_TASK DETAILS_
Output the records below in full, word for word; pictures do not belong in it.

Dataset entries
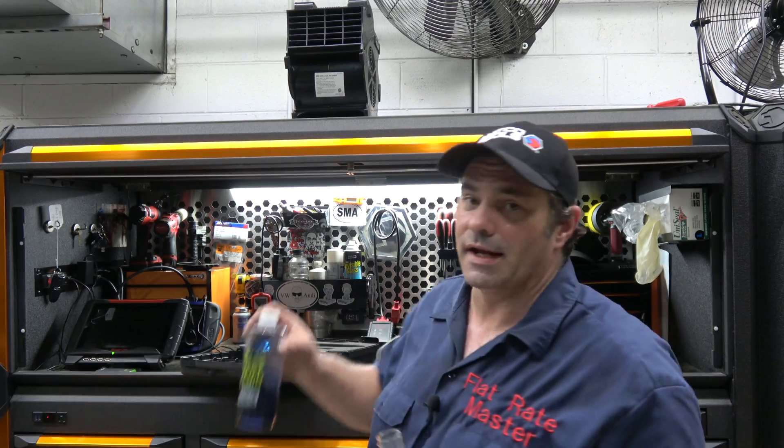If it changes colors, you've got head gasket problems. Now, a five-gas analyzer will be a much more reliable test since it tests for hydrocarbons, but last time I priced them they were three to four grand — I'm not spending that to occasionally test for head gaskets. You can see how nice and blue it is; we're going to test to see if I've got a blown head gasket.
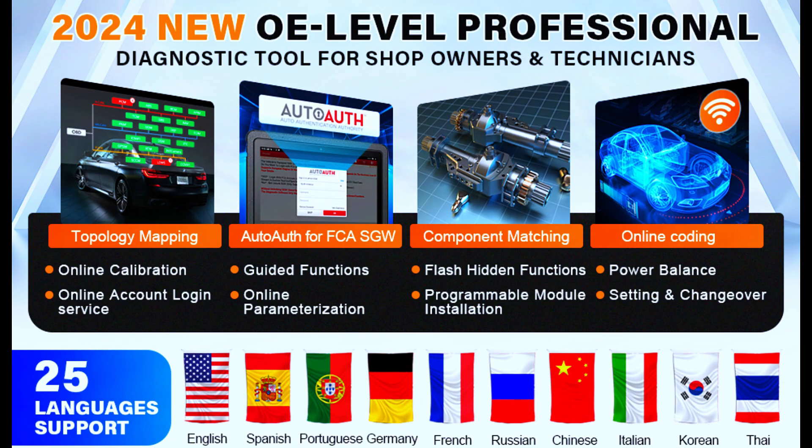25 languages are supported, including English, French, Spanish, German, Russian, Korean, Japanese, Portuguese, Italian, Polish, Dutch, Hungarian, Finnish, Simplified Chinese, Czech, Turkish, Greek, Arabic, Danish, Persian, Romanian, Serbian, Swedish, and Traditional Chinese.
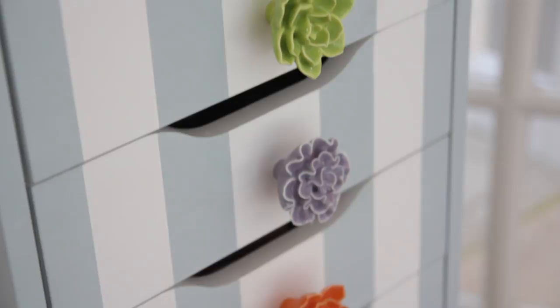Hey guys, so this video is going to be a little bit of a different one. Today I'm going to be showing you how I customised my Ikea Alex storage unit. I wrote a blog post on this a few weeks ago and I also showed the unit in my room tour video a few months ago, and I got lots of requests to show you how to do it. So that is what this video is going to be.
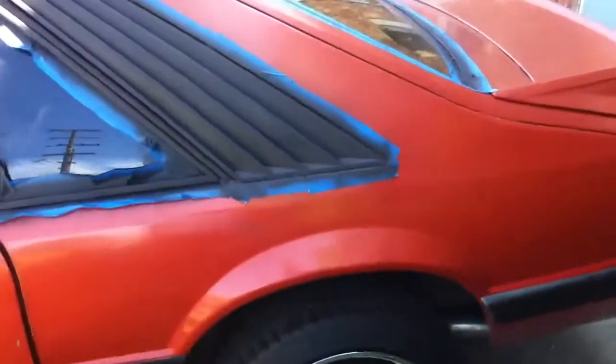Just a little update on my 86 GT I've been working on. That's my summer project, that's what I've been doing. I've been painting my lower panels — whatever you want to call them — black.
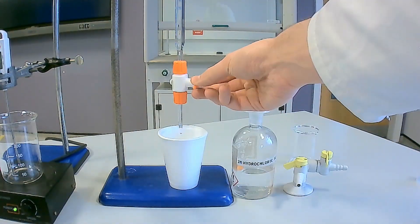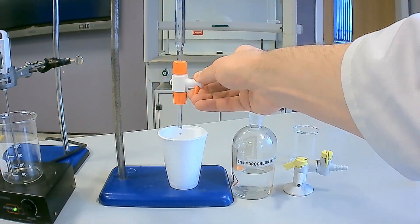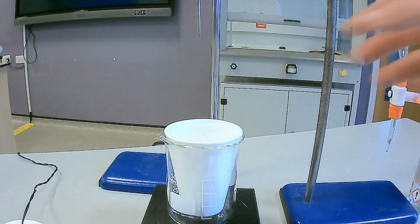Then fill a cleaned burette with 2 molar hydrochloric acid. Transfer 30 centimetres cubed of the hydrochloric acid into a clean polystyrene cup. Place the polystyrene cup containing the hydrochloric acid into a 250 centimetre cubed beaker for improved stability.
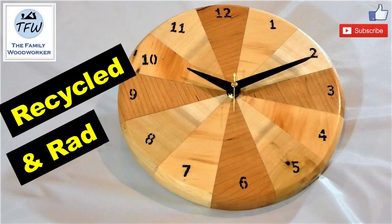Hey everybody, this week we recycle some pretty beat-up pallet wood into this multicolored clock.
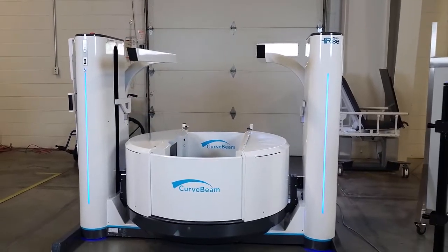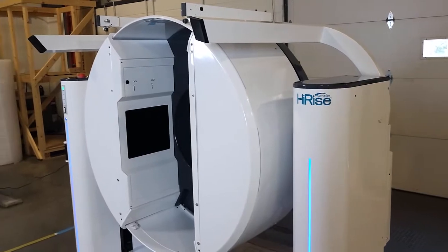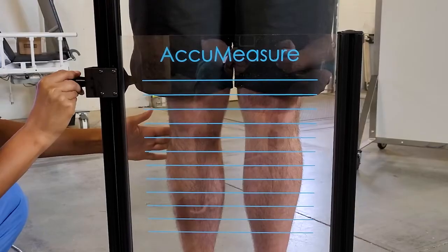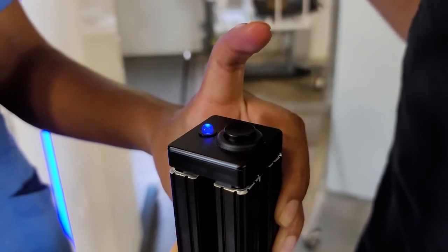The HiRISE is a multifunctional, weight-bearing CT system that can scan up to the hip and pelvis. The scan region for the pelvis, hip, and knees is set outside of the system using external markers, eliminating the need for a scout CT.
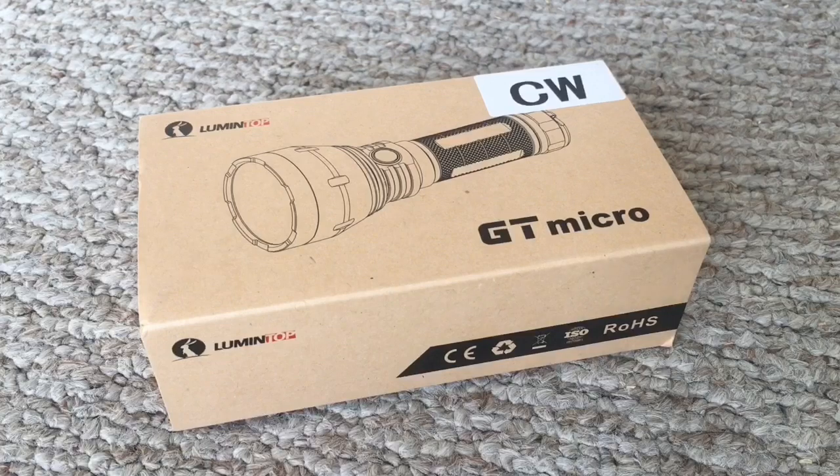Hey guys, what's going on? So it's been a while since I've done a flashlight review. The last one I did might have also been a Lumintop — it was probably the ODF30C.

_RESULT_
If it changes colors, you've got head gasket problems. Now, a five-gas analyzer will be a much more reliable test since it tests for hydrocarbons, but last time I priced them they were three to four grand — I'm not spending that to occasionally test for head gaskets. You can see how nice and blue it is; we're going to test to see if I've got a blown head gasket.
25 languages are supported, including English, French, Spanish, German, Russian, Korean, Japanese, Portuguese, Italian, Polish, Dutch, Hungarian, Finnish, Simplified Chinese, Czech, Turkish, Greek, Arabic, Danish, Persian, Romanian, Serbian, Swedish, and Traditional Chinese.
Hey guys, so this video is going to be a little bit of a different one. Today I'm going to be showing you how I customised my Ikea Alex storage unit. I wrote a blog post on this a few weeks ago and I also showed the unit in my room tour video a few months ago, and I got lots of requests to show you how to do it. So that is what this video is going to be.
Just a little update on my 86 GT I've been working on. That's my summer project, that's what I've been doing. I've been painting my lower panels — whatever you want to call them — black.
Then fill a cleaned burette with 2 molar hydrochloric acid. Transfer 30 centimetres cubed of the hydrochloric acid into a clean polystyrene cup. Place the polystyrene cup containing the hydrochloric acid into a 250 centimetre cubed beaker for improved stability.
Hey everybody, this week we recycle some pretty beat-up pallet wood into this multicolored clock.
The HiRISE is a multifunctional, weight-bearing CT system that can scan up to the hip and pelvis. The scan region for the pelvis, hip, and knees is set outside of the system using external markers, eliminating the need for a scout CT.
Hey guys, what's going on? So it's been a while since I've done a flashlight review. The last one I did might have also been a Lumintop — it was probably the ODF30C.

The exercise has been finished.